Exactly retype the lines below from the one containing "Gucci Diamante Leather" through the end of the listing. Leave pictures out.

[Start of section]

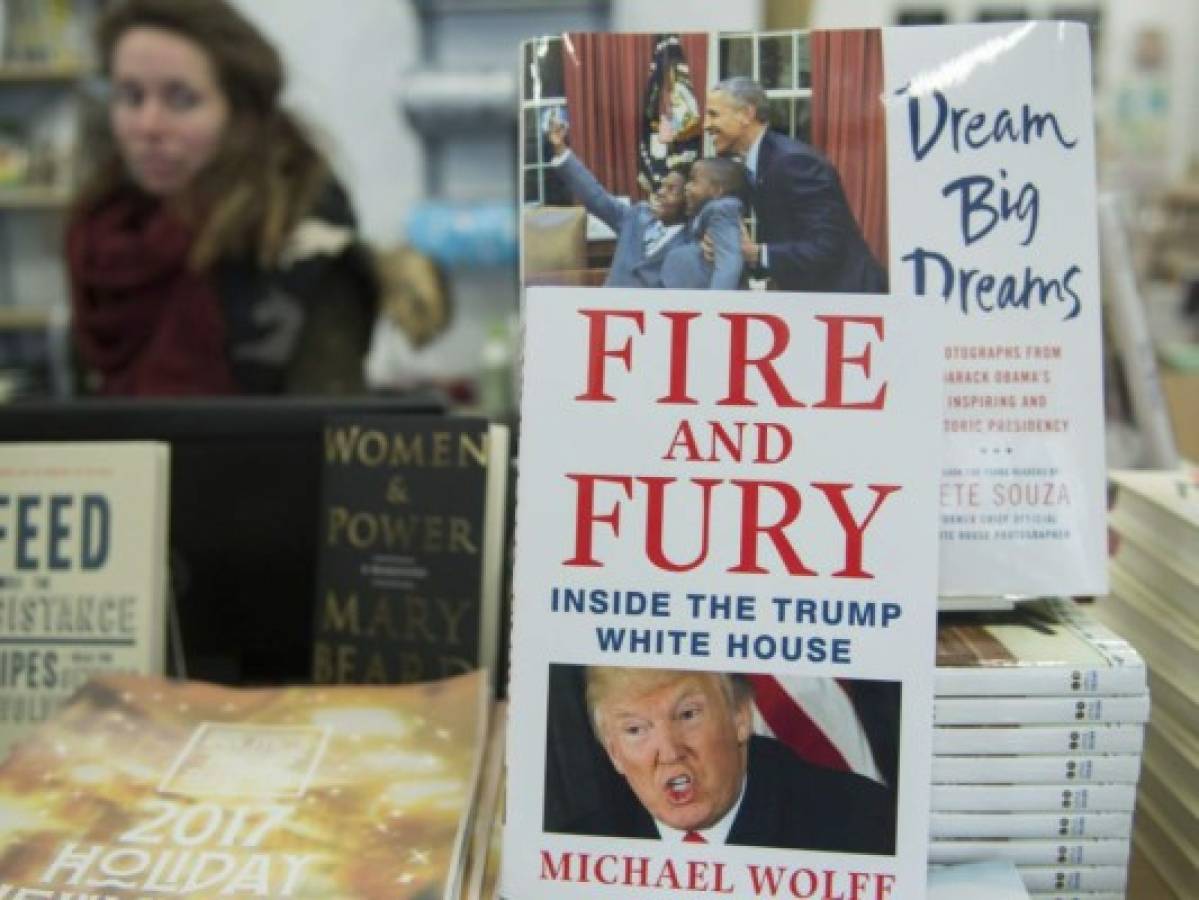 El libro Fire and Fury puesto en una librería de Estados Unidos.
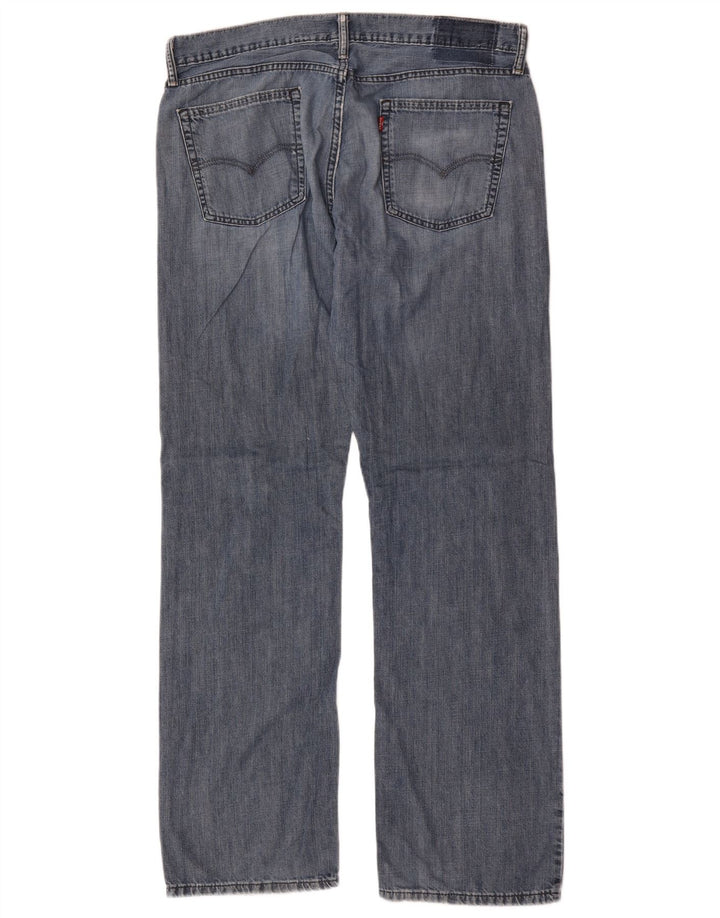Levi's lige jeans til kvinder W36 L34 blå bomuld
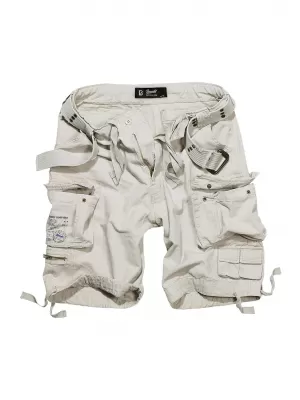 Pánske šortky Brandit Savage Vintage BD2001 WHITE
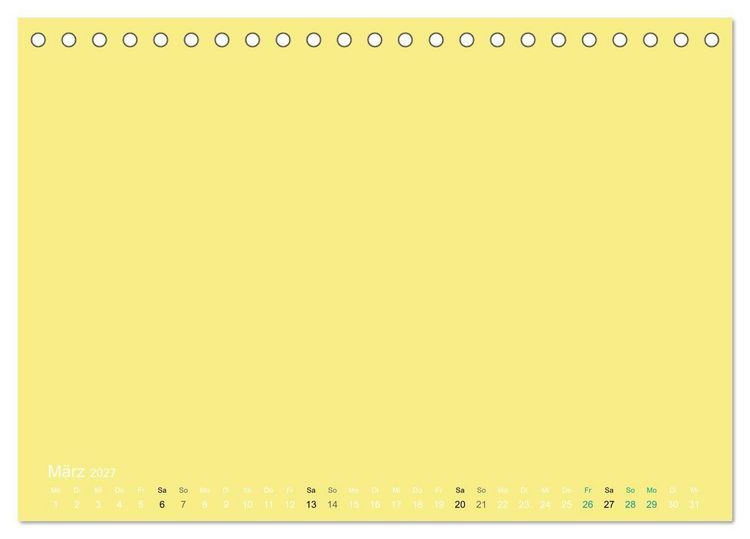Produktbild: Bastelkalender - Gelb (Tischkalender 2027 DIN A5 quer), CALVENDO Monatskalender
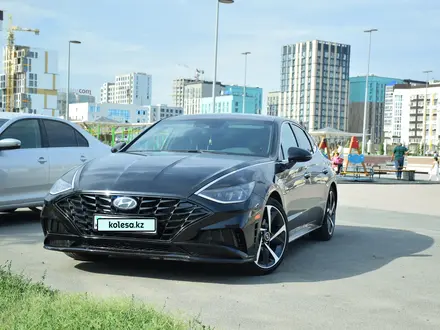 Hyundai Sonata 2022 года за 12 000 000 тг. в Атырау – фото 8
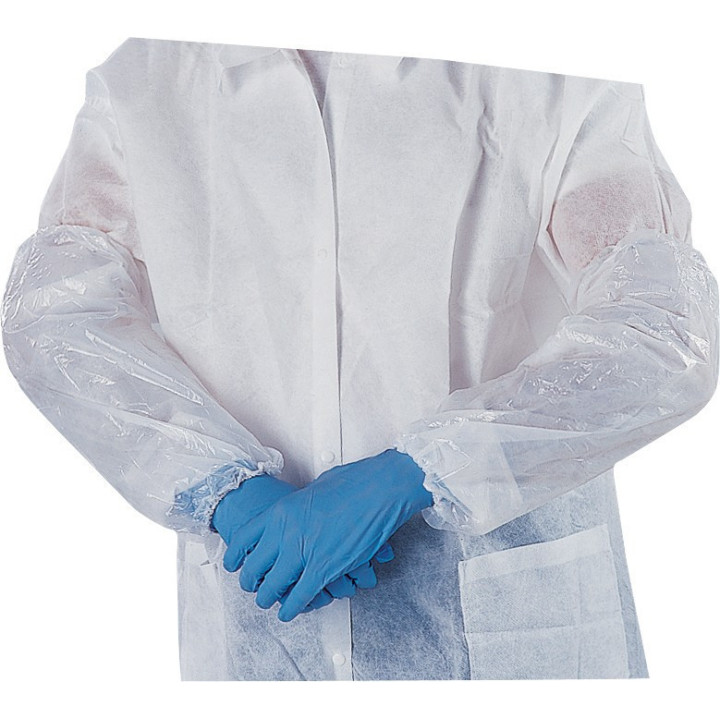 Manchettes jetables polyéthylène blanc agroalimentaire DELTA PLUS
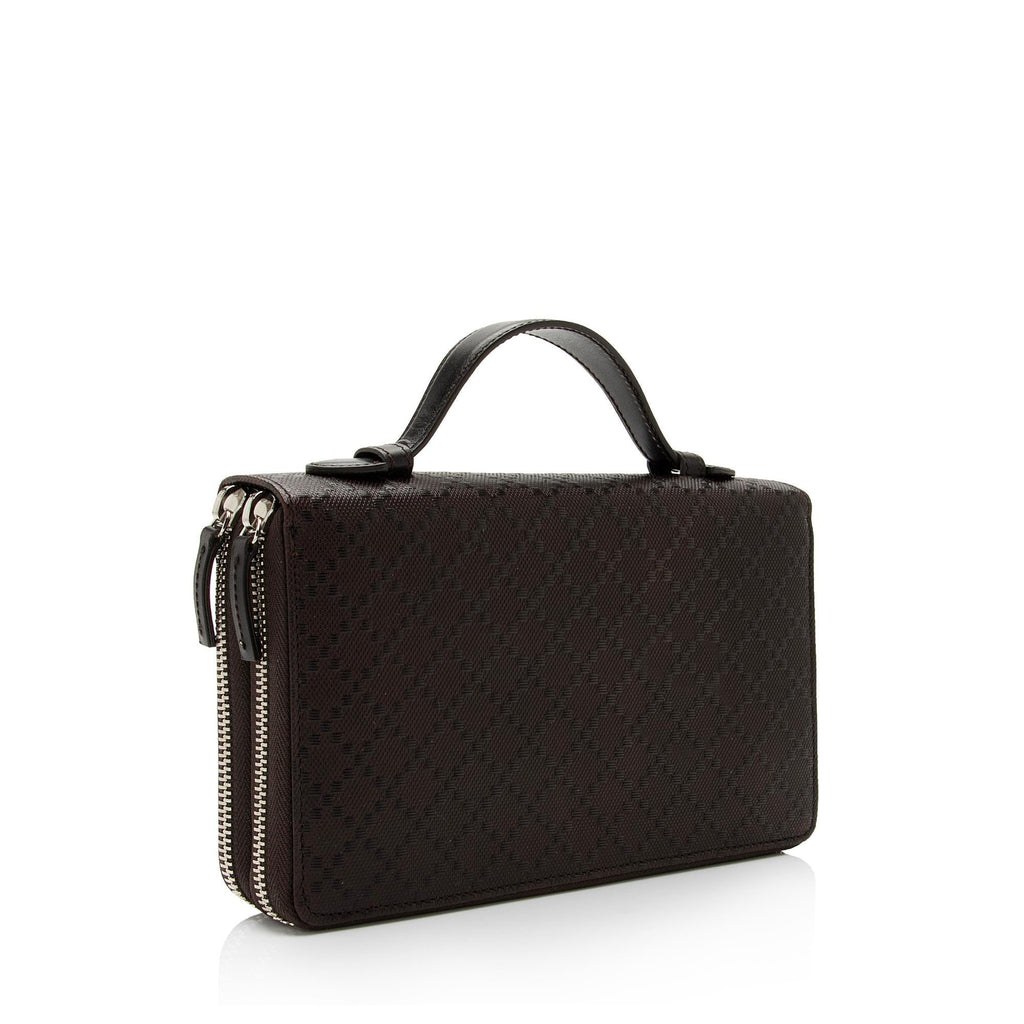 Gucci Diamante Leather Travel Document Case (SHF-pGklZA)
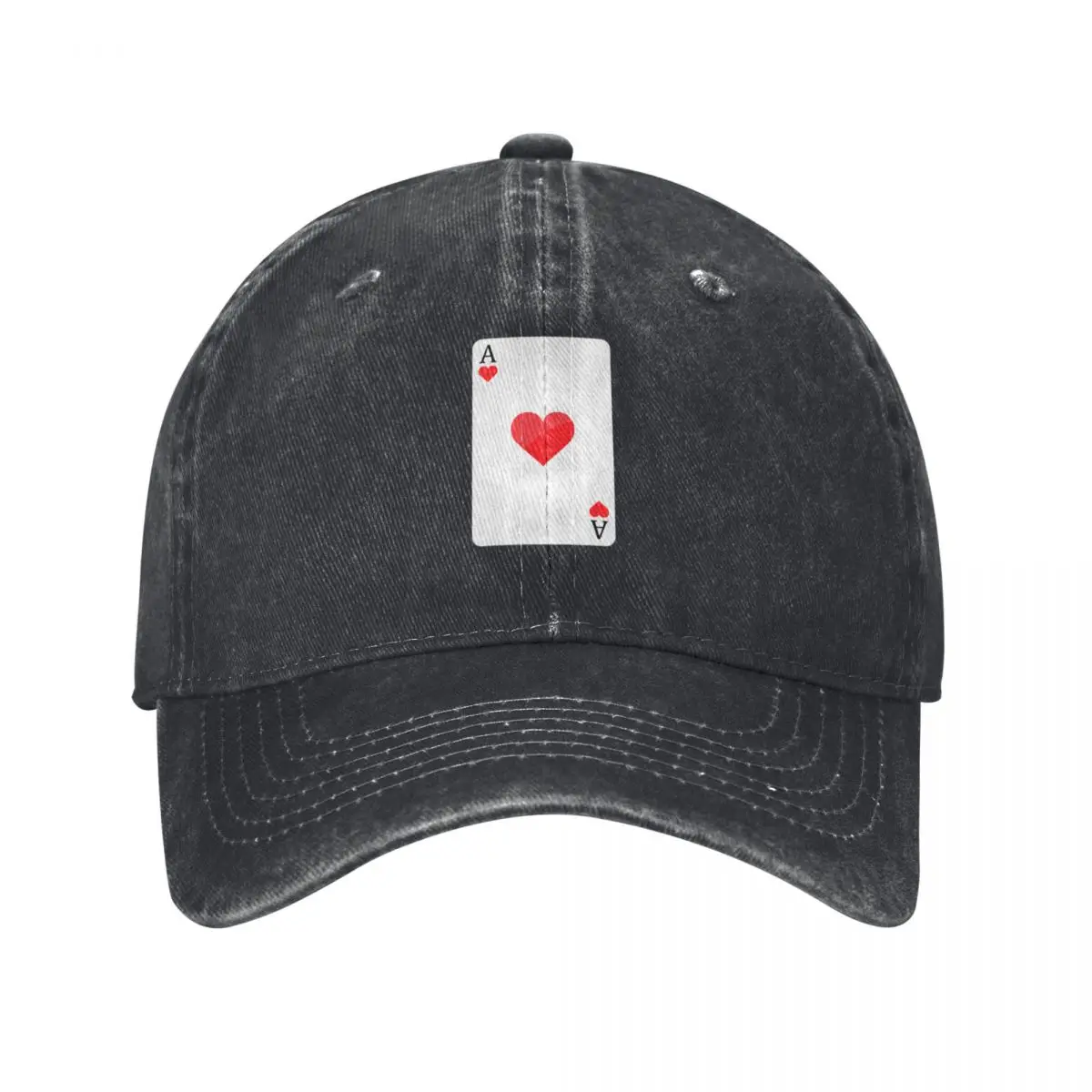 Ace Of Hearts-Poker Baseball Cap Hat Luxury Brand hiking hat summer hat Hats Man Women's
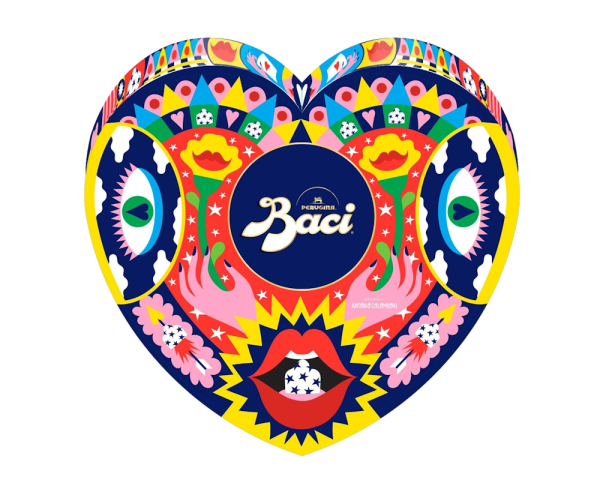 Baci Perugina Classico Herz Geschenkbox Bunt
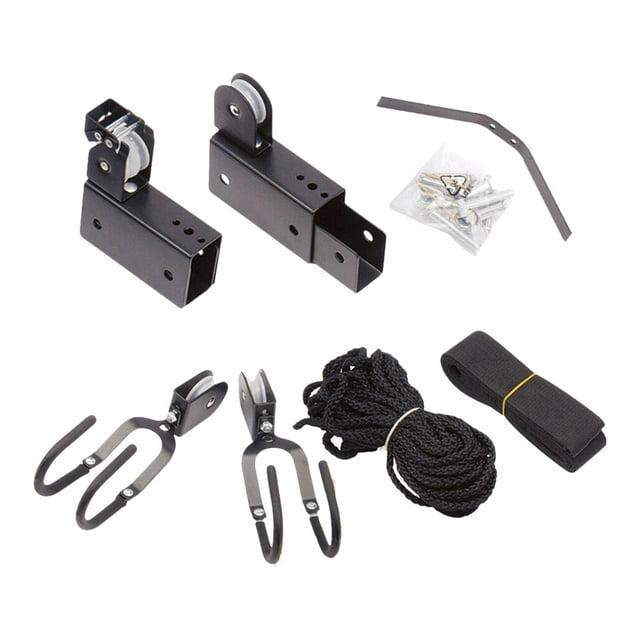 ziyahi Système de Levage de Kayak Poulie Garage Vélo Monté Rangement Plafond Support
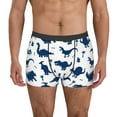 thumbnail image 1 of Pofeuu Cute Cartoon Dinosaurs Print Men’s Boxer Briefs, Moisture-Wicking Underwear, Regular,Trunk-X-Large, 1 of 5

[End of section]

- [Exercise answer]
 Gucci Diamante Leather Travel Document Case (SHF-pGklZA)
 Ace Of Hearts-Poker Baseball Cap Hat Luxury Brand hiking hat summer hat Hats Man Women's
 Baci Perugina Classico Herz Geschenkbox Bunt
 ziyahi Système de Levage de Kayak Poulie Garage Vélo Monté Rangement Plafond Support
 thumbnail image 1 of Pofeuu Cute Cartoon Dinosaurs Print Men’s Boxer Briefs, Moisture-Wicking Underwear, Regular,Trunk-X-Large, 1 of 5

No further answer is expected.